Killing will lead only to more killing. There will be no review of bin Laden's alleged crimes, as a trial would have provided. There will be no review of earlier US support for bin Laden. There will be no review of US failures to prevent the September 11th attacks. Instead, there will be bitterness, hatred, and more violence, with the message being communicated to all sides that might makes right and murder is the way in which someone is, in President Obama's words, brought to justice.
Nothing is actually resolved, nothing concluded, and nothing to be celebrated in taking away life. If we want something to celebrate here, we should celebrate the end of one of the pieces of war propaganda that has driven the past decade of brutality and death. But I'm not going to celebrate that until appropriate actions follow. Nothing makes for peace like ceasing to wage war. Now would be an ideal time to give that a try.
Our senseless wars in Afghanistan, Pakistan, Iraq, and Libya must be ended. Keeping bin Laden alive and threatening, assisted in keeping the war machine churning its bloody way through cities and flesh for years. No wonder President Bush was, as he said, not interested in tracking bin Laden down.
Ending the wars was our moral duty last week exactly as this week.

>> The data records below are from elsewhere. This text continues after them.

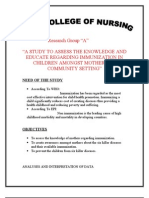 A Study To Assess The Knowledge and Educate Regarding Immunization in Children Amongst Mother in A Community Setting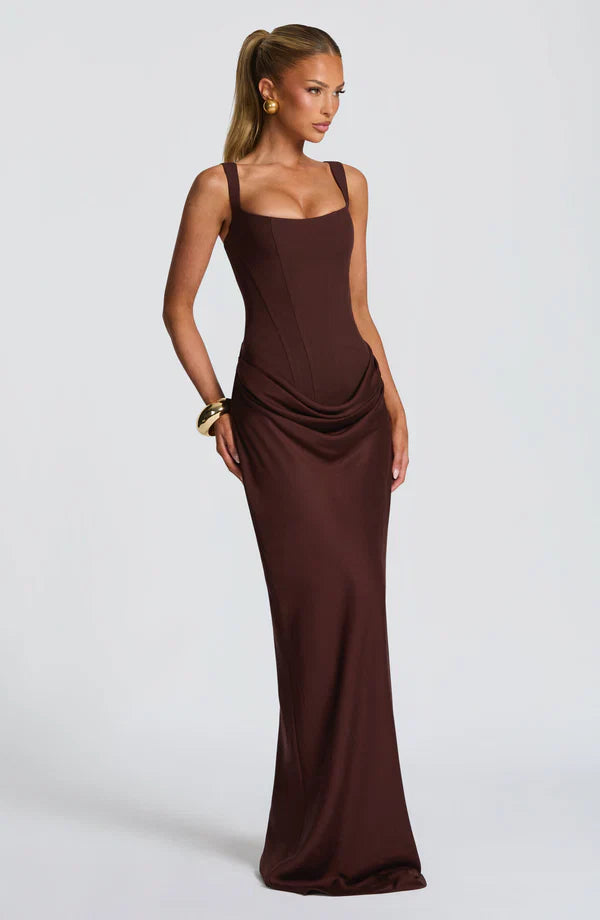 Robe Longue Drapée à Bretelles Femme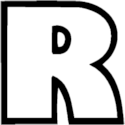 Big Outline Letter R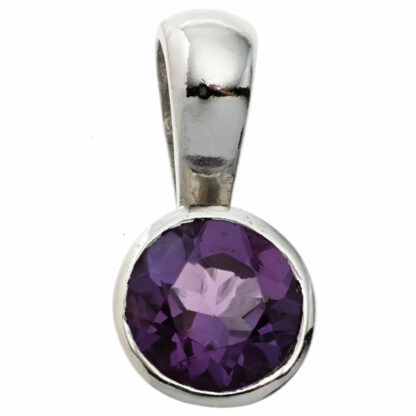 Anhänger 925 Silber mit Amethyst dunkelviolett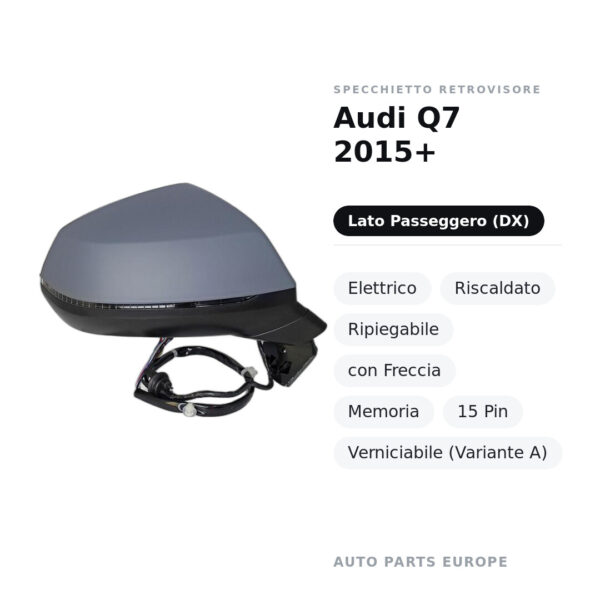 Specchietto Retrovisore Destro Audi Q7 2015+ – Elettrico, Riscaldato, Ripiegabile, con Freccia, Memoria, 15 Pin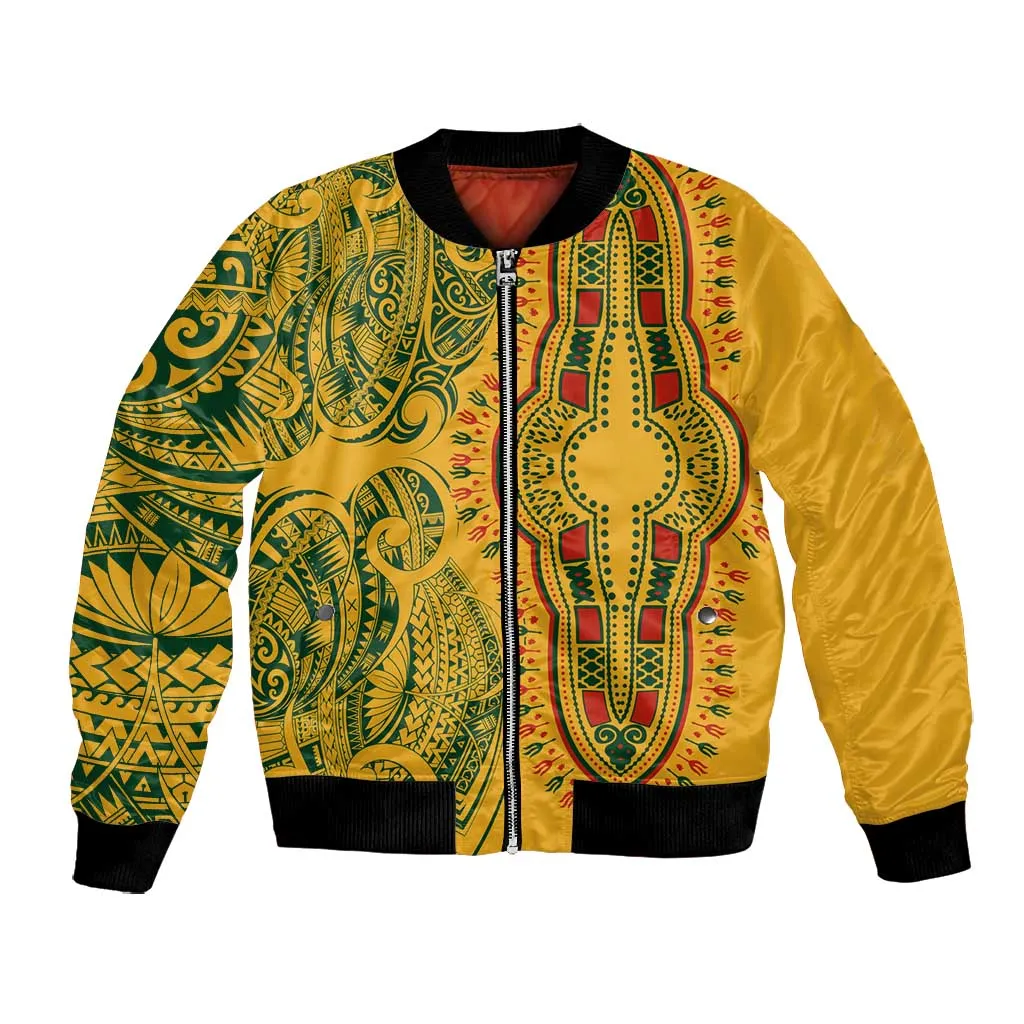 Dashiki and Polynesian Pattern Bomber Jacket Afro Pacific Culture Gold Version LT9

But if the symbolism to be found in the removal of a key propaganda piece can be combined with the recent overwhelming US support for ending the wars, to actually end the wars, then I'll be ready -- with clean hands and with no nasty gleam of revenge in my eye -- to pop open the champagne.
But let's return to the morality of cheering for the killing of a human being. A decade ago that would not have seemed as natural to a US airline pilot. The automatic assumption would not have been that there could be no dissenters to that celebration. A decade ago torture was considered irredeemably evil. A decade ago we believed people should have fair trials before they are declared guilty or killed. A decade ago, if a president had announced his new power to assassinate Americans, at least a few people would have asked where in the world he got the power to assassinate non-Americans.
Is it too late to go back 10 years in time in some particular ways? As we put bin Laden behind us, can we put the degredation of our civil liberties and our representative government, and our honesty, accountability, and the rule of law behind us too? Can we recover the basic moral deceny that we used to at the very least pretend and aspire to?
Not while we're dancing in the street to celebrate death.
Imagine the propaganda that the US media could make of video footage of a foreign country where the primitive brutes are dancing in the streets to celebrate the murder of a tribal enemy. That is the propaganda we've just handed those who will view bin Laden as a martyr. When their revenge comes, we will know exactly what we are supposed to do: exact more revenge in turn to keep the cycle going.
An eye for an eye makes the whole world blind, but the blind people think that they still see. The world looks to them like a Hollywood adventure movie. In those stories, killing somone generally causes a happy ending. That misconception is responsible for piles and piles of corpses to which more will now be added.